Comprehensive application of AI algorithms with TCR NGS data for glioma diagnosis

Applications of AI


Data acquisition and data management

The proposed data was divided into two groups: 44 training samples and 30 testing samples, with an equal split between positive and negative cases. The data of 22 positive glioma patients in the training set and 15 positive glioma patients in the test set were obtained from 2 researches10,11. Additionally, a total of 37 healthy human negative samples from the training and test samples were obtained from IMMUNOSEQ ANALYZER (https://clients.adaptivebiotech.com/).

The raw data from the training samples underwent high-throughput TCR sequencing analysis, resulting in a total of 1,527,623 TCR β sequences. We obtained information about the presence of each sequence in the samples. However, due to the enormous size of the data, it is challenging to incorporate it directly into the classification model. At the same time, cluster identification in high-dimensional sequencing data also faces challenges due to its inherent complexity12. Therefore, we performed feature selection using Fisher’s exact test as we described previously8. We screened 602 TCR β sequences with a P-value less than 0.1, which exhibited a higher correlation with glioma diagnosis, to be used as features for determining glioma.

Classification effects on TCR diversity indices

For these 74 samples, we analyzed TCR diversity, clonality and singleton frequency. According to the common bioindicator system, the article obtains each common immunome sequencing result index corresponding to positive negative samples, such as Clonality index, Shannon diversity index, inverse Simpson diversity index, VJ diversity index, Singleton ratio, and Simpson diversity index these 6 indices.

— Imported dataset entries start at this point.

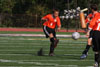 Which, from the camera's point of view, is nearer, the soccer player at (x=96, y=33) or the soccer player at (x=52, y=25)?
the soccer player at (x=96, y=33)

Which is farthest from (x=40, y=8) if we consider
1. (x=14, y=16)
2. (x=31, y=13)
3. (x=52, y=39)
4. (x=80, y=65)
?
(x=80, y=65)

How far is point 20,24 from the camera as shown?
59.0 m

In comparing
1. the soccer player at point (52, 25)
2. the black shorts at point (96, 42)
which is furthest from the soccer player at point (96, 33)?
the soccer player at point (52, 25)

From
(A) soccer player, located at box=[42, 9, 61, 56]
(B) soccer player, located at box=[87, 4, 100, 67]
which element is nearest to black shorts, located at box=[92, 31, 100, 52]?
(B) soccer player, located at box=[87, 4, 100, 67]

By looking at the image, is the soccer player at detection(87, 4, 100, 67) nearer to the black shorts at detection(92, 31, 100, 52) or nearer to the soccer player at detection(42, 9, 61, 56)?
the black shorts at detection(92, 31, 100, 52)

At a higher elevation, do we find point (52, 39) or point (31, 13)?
point (52, 39)

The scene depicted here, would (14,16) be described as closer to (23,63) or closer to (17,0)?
(17,0)

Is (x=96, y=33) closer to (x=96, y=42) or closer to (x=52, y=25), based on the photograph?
(x=96, y=42)

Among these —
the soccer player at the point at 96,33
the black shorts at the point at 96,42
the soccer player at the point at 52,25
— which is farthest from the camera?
the soccer player at the point at 52,25

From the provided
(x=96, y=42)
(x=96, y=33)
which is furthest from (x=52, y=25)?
(x=96, y=42)

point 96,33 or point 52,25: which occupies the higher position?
point 96,33

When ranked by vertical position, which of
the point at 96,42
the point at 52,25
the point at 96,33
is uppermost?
the point at 96,33

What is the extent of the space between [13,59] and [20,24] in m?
43.5

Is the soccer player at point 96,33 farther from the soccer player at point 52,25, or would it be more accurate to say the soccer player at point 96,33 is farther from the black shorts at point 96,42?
the soccer player at point 52,25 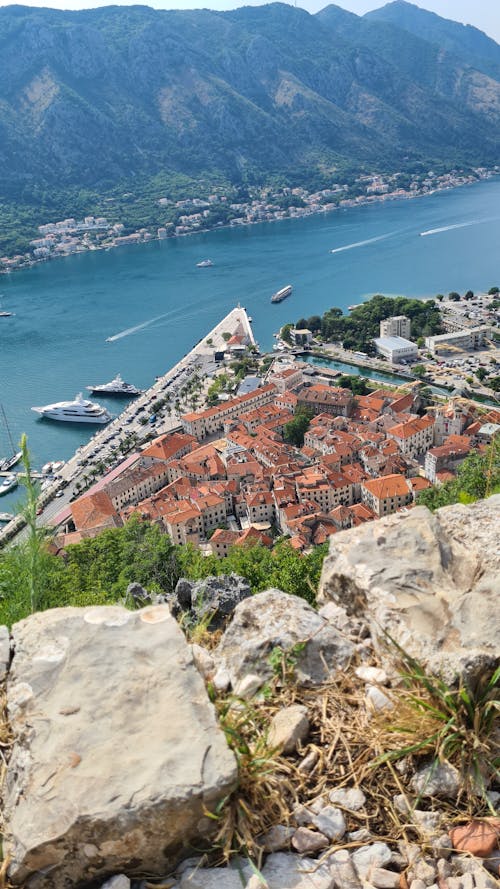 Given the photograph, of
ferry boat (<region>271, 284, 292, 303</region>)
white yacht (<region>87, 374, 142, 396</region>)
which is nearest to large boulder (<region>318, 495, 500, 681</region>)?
white yacht (<region>87, 374, 142, 396</region>)

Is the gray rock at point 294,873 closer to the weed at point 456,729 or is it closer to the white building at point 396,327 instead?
the weed at point 456,729

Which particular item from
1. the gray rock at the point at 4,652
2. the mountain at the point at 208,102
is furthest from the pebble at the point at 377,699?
the mountain at the point at 208,102

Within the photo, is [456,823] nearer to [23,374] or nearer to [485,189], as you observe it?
[23,374]

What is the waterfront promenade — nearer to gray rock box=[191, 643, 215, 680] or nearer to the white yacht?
the white yacht

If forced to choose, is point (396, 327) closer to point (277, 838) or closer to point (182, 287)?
point (182, 287)

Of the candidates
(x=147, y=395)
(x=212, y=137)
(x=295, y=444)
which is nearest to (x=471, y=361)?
(x=295, y=444)

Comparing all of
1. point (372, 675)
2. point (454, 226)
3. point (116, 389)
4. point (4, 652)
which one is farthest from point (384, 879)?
point (454, 226)

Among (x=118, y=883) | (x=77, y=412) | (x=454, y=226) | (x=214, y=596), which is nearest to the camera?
(x=118, y=883) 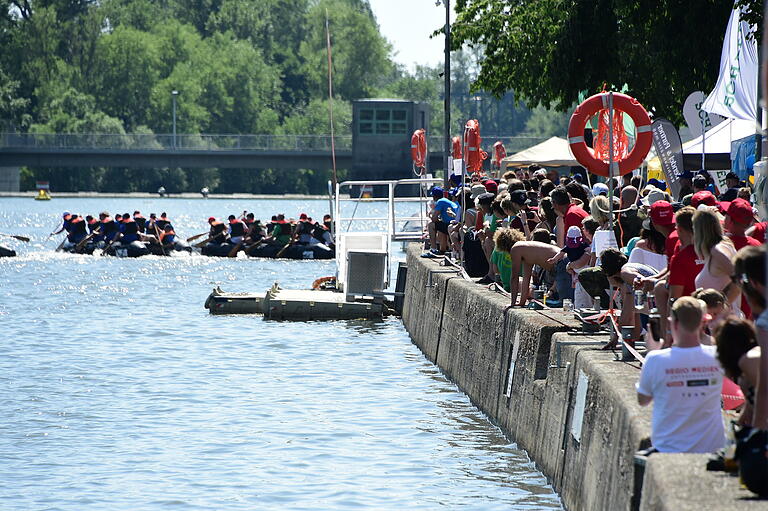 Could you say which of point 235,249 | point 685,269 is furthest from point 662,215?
point 235,249

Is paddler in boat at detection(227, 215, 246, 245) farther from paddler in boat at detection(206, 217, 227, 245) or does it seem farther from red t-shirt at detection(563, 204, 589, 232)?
red t-shirt at detection(563, 204, 589, 232)

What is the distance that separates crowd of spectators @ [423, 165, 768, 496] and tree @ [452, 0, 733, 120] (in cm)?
629

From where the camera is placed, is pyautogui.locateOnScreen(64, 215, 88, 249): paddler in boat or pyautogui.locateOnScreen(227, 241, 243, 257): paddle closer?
pyautogui.locateOnScreen(227, 241, 243, 257): paddle

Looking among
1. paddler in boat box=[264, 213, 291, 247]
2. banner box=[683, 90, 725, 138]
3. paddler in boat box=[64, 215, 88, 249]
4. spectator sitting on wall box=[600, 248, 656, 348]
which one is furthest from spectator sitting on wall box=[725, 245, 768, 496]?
paddler in boat box=[64, 215, 88, 249]

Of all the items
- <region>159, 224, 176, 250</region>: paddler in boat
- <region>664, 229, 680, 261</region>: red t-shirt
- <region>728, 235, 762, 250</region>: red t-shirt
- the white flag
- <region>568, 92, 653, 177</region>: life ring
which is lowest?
<region>159, 224, 176, 250</region>: paddler in boat

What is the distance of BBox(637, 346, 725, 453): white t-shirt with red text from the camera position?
7.81m

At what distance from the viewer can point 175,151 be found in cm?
10019

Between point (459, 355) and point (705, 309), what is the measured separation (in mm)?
10202

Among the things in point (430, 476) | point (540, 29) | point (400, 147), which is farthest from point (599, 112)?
point (400, 147)

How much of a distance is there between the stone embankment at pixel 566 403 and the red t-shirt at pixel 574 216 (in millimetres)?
982

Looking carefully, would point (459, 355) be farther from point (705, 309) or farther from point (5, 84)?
point (5, 84)

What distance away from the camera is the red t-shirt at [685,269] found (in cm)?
974

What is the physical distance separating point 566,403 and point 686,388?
12.2 feet

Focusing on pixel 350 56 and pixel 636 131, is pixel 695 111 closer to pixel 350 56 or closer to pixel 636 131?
pixel 636 131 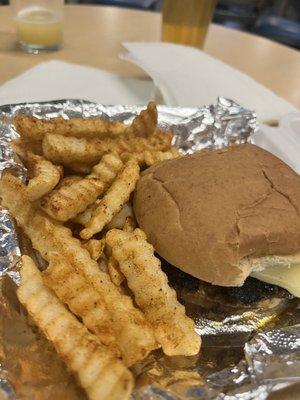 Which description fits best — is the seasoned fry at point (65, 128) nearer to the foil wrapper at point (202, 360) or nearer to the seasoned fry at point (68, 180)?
the seasoned fry at point (68, 180)

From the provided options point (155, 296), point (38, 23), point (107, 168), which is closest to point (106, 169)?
point (107, 168)

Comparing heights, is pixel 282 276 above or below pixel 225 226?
below

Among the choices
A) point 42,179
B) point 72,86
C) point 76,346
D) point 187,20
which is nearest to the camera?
point 76,346

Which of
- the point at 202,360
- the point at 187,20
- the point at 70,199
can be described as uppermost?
the point at 187,20

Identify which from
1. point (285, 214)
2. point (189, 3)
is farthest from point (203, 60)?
point (285, 214)

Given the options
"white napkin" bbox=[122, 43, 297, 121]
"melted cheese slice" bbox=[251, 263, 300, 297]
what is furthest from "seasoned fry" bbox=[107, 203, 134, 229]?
"white napkin" bbox=[122, 43, 297, 121]

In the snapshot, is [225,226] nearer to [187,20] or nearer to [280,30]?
[187,20]

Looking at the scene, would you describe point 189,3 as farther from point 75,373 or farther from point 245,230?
point 75,373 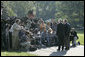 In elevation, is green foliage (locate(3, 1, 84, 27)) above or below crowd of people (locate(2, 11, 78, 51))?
below

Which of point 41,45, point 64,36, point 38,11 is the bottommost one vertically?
point 38,11

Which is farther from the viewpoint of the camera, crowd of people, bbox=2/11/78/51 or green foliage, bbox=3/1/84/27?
green foliage, bbox=3/1/84/27

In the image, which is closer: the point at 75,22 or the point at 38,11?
the point at 75,22

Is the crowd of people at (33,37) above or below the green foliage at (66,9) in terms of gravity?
above

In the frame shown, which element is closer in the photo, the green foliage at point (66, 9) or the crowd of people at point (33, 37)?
the crowd of people at point (33, 37)

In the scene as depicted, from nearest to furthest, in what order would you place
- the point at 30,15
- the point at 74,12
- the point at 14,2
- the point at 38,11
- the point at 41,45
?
1. the point at 41,45
2. the point at 30,15
3. the point at 74,12
4. the point at 14,2
5. the point at 38,11

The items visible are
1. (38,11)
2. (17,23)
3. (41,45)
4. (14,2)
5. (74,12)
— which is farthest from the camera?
(38,11)

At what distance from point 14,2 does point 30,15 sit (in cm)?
6171

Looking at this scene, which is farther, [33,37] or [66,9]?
[66,9]

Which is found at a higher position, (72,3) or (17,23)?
(17,23)

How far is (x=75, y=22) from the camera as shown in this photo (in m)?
65.2

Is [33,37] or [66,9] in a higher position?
[33,37]

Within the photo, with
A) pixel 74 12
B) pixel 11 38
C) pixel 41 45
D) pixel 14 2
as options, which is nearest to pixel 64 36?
pixel 41 45

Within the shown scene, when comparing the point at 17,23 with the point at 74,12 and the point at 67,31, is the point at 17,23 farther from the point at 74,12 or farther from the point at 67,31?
the point at 74,12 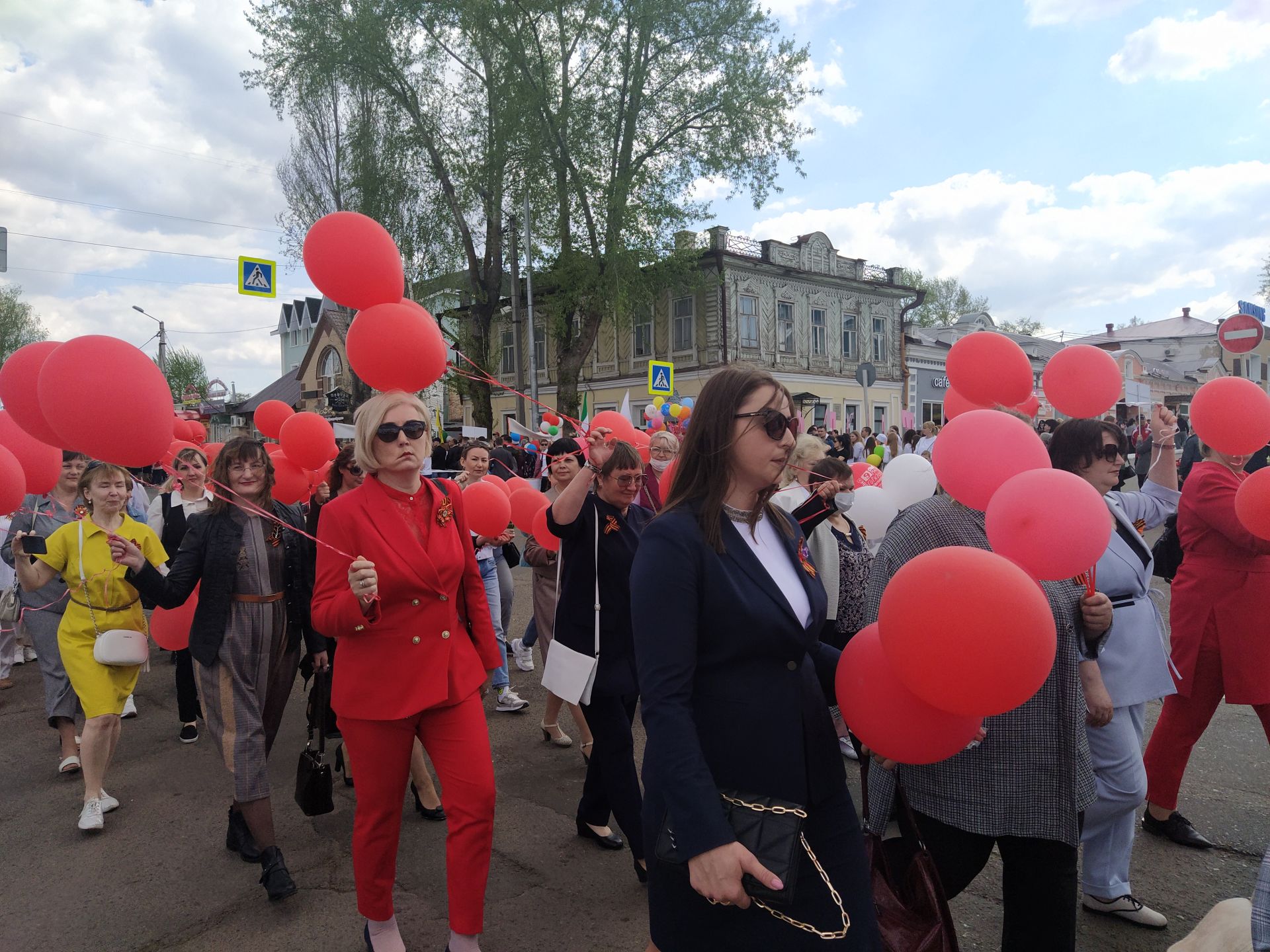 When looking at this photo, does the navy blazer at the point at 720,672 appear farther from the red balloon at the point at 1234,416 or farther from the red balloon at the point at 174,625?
the red balloon at the point at 174,625

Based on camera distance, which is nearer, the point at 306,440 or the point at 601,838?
the point at 601,838

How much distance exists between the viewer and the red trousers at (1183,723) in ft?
11.9

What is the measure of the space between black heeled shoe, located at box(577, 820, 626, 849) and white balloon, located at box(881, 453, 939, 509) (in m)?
2.48

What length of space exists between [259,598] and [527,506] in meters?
1.59

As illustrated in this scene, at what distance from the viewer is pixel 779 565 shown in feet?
6.29

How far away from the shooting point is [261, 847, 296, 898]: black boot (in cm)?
334

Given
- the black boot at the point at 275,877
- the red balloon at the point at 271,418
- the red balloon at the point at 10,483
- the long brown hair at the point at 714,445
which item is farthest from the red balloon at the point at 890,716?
the red balloon at the point at 271,418

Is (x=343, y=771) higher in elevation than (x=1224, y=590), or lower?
lower

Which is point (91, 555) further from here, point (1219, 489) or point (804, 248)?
point (804, 248)

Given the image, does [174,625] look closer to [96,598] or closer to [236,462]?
[96,598]

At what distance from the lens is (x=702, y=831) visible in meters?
1.55

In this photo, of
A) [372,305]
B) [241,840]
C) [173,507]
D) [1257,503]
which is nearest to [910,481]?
[1257,503]

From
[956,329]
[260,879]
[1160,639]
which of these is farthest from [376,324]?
[956,329]

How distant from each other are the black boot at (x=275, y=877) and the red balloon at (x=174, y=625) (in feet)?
3.79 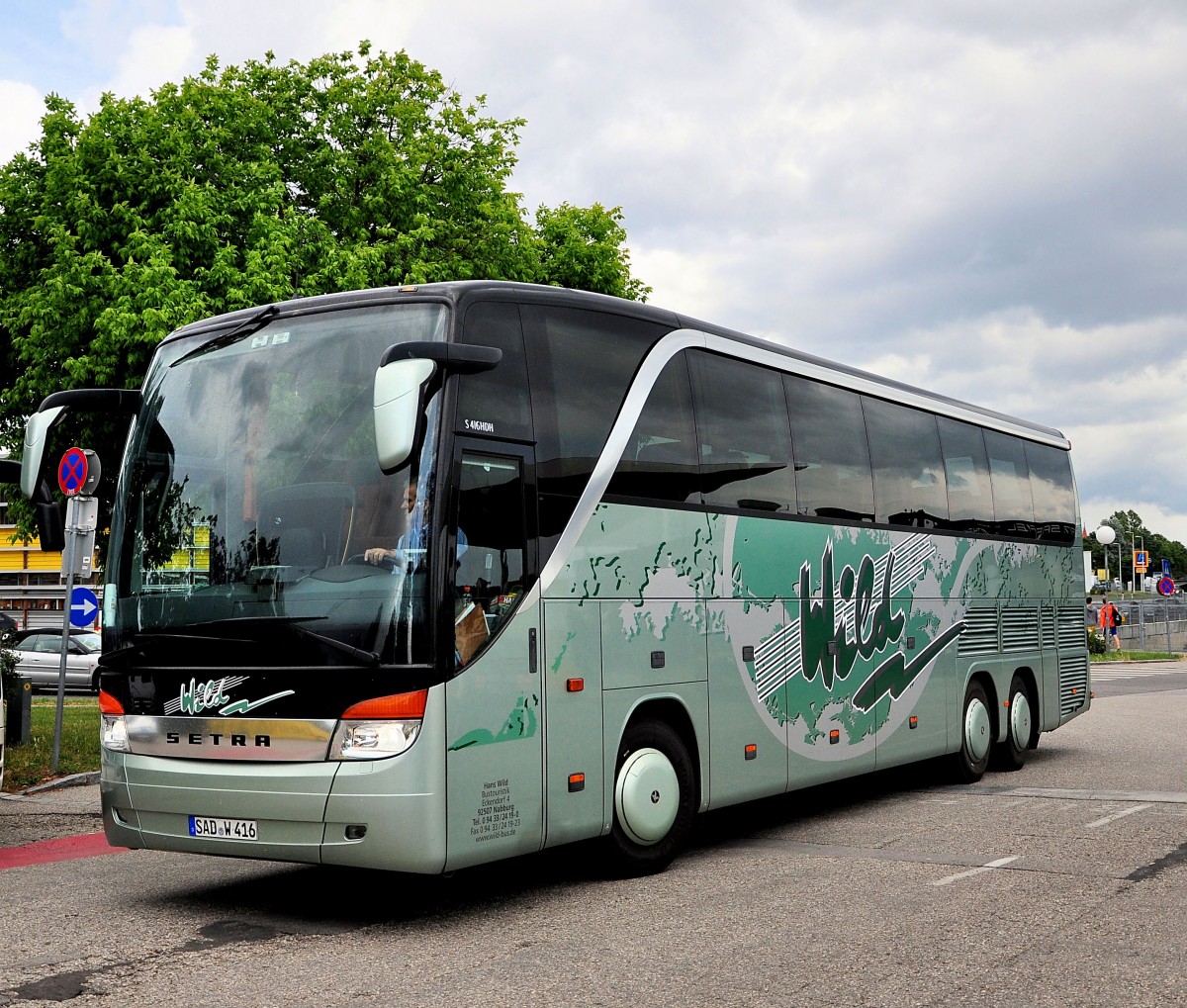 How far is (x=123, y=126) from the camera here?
2394 cm

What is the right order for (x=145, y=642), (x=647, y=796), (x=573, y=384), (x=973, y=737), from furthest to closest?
(x=973, y=737)
(x=647, y=796)
(x=573, y=384)
(x=145, y=642)

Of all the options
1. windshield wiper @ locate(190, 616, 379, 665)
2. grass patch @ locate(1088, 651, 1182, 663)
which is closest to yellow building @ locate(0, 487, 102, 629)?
grass patch @ locate(1088, 651, 1182, 663)

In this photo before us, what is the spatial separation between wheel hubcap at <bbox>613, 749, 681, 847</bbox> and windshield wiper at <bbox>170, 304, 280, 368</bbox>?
3398mm

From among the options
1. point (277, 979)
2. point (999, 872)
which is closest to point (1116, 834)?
point (999, 872)

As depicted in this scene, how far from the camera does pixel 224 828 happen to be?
23.3ft

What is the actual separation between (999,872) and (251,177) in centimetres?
2004

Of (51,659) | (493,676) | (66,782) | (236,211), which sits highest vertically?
(236,211)

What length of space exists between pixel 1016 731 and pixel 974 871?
20.0 ft

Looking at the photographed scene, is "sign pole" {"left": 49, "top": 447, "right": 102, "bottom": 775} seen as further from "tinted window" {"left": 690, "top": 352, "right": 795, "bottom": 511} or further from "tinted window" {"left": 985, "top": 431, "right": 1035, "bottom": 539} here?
"tinted window" {"left": 985, "top": 431, "right": 1035, "bottom": 539}

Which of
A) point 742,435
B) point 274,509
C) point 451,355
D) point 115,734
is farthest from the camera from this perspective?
point 742,435

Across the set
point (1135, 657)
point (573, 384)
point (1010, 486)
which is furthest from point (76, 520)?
point (1135, 657)

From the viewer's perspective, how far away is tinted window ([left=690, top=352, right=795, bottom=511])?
9.31 metres

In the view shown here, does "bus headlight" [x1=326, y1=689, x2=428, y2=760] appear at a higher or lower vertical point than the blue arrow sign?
lower

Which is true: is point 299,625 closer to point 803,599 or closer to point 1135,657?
point 803,599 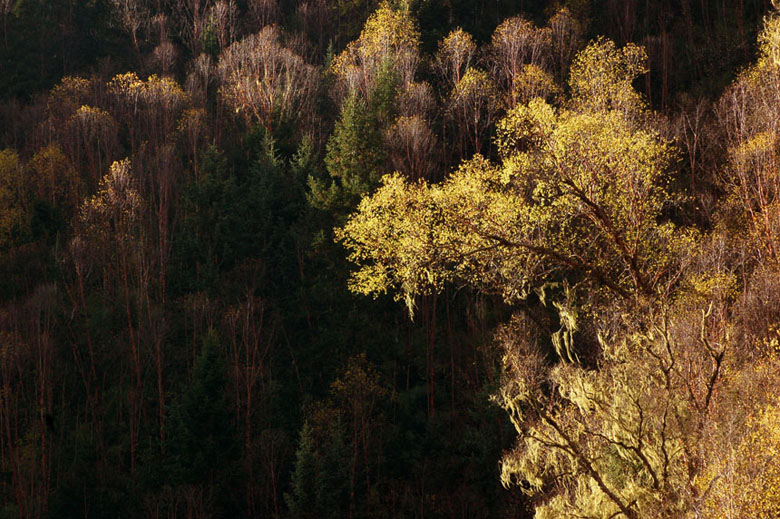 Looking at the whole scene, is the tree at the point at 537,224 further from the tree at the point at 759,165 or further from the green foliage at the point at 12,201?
the green foliage at the point at 12,201

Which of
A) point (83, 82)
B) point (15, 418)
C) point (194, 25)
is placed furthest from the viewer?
point (194, 25)

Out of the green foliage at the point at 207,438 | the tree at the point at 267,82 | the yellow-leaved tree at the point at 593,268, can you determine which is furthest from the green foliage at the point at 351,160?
the yellow-leaved tree at the point at 593,268

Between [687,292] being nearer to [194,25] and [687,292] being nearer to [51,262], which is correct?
[51,262]

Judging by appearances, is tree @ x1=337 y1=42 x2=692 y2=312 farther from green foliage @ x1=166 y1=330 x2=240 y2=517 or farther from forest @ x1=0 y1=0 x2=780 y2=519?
green foliage @ x1=166 y1=330 x2=240 y2=517

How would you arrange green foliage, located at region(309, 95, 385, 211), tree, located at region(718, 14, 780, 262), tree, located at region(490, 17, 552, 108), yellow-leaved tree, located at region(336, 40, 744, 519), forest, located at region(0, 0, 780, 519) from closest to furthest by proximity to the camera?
yellow-leaved tree, located at region(336, 40, 744, 519)
forest, located at region(0, 0, 780, 519)
tree, located at region(718, 14, 780, 262)
green foliage, located at region(309, 95, 385, 211)
tree, located at region(490, 17, 552, 108)

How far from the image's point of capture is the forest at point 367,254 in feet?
39.5

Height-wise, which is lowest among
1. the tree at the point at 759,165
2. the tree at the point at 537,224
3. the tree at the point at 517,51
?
the tree at the point at 537,224

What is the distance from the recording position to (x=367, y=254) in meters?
12.5

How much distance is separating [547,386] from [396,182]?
690 inches

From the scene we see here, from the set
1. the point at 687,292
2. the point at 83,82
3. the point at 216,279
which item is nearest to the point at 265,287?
the point at 216,279

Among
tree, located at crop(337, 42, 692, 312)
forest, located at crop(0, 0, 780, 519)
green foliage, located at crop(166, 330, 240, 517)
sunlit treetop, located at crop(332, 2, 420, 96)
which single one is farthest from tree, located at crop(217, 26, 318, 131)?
tree, located at crop(337, 42, 692, 312)

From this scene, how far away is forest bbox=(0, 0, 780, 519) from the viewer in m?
12.0

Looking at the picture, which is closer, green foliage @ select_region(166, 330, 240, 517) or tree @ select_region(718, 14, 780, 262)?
tree @ select_region(718, 14, 780, 262)

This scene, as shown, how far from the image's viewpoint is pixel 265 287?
133ft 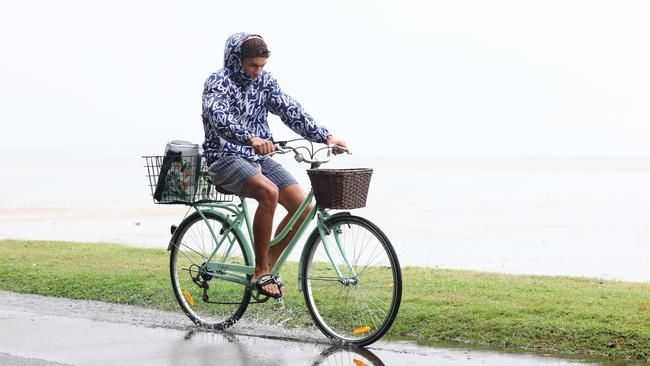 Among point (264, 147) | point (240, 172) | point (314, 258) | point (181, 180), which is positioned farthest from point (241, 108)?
point (314, 258)

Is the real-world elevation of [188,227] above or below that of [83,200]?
above

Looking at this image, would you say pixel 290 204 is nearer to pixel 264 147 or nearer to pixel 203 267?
pixel 264 147

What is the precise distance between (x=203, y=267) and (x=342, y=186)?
1974 millimetres

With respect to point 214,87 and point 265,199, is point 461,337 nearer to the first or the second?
point 265,199

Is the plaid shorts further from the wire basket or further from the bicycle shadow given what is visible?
the bicycle shadow

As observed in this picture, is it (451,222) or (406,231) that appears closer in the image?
(406,231)

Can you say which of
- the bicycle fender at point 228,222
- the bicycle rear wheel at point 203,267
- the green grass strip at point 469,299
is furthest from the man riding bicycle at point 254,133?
the green grass strip at point 469,299

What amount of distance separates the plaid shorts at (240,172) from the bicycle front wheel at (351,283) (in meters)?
0.56

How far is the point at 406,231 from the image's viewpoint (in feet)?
61.6

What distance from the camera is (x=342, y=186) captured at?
6.56 m

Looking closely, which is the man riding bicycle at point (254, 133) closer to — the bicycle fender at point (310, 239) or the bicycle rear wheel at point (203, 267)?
the bicycle fender at point (310, 239)

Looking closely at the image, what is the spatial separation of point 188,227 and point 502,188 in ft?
102

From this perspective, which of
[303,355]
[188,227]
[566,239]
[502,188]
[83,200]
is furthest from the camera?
[502,188]

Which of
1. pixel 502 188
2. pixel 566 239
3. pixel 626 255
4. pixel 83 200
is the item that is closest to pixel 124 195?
pixel 83 200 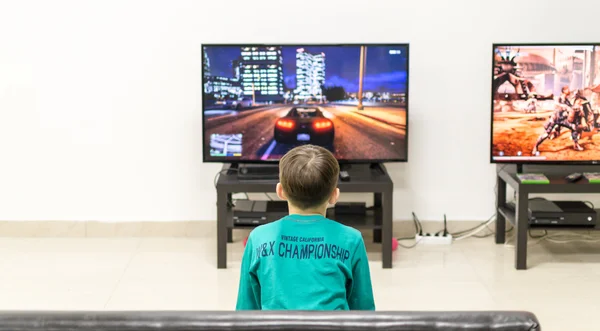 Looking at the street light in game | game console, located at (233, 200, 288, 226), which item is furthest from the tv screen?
game console, located at (233, 200, 288, 226)

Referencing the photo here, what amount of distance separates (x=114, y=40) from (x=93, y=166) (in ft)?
2.67

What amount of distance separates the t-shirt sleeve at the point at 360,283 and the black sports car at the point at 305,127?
2482 mm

Of the above indices, the Clonality index is used to measure the extent of TCR clone amplification and to assess the number and proportion of major clones in tumors, with higher values indicating a higher frequency of amplification of some TCR clones. Clonality takes values between 0 and 1, with a value of 0 indicating that each individual is unique and no clone is amplified; a value of 1 indicating that all individuals are copies of the same clone. The index is calculated as follows, where productive unique represents the total number of TCR clones in the sample and diversity is the result of the Shannon diversity index13.

$$ {\text{Clonality}} = 1 – \frac{{{\text{diversity}}}}{{\ln \;({\text{productive}}\;{\text{uniques}})}} $$

The Hvj diversity index is used to measure the diversity of V-J gene combinations of TCR clones in the sample. The index measures the frequency of the ith V-J gene fragment combination use type in the sample by the ratio of pi, thus reflecting the degree of T cell expansion. This index can also be used to reflect the replicative proliferation capacity following stress generated by T-specific recognition of antigen, with higher values indicating a greater degree of clonal amplification, which is calculated as follows14.

$$ H^{\prime} = – { }\sum {\text{p}}_{{\text{i}}} {\text{ln}}\left( {{\text{p}}_{{\text{i}}} } \right) $$

where pi stands for the frequency of the ith V-J gene fragment combination.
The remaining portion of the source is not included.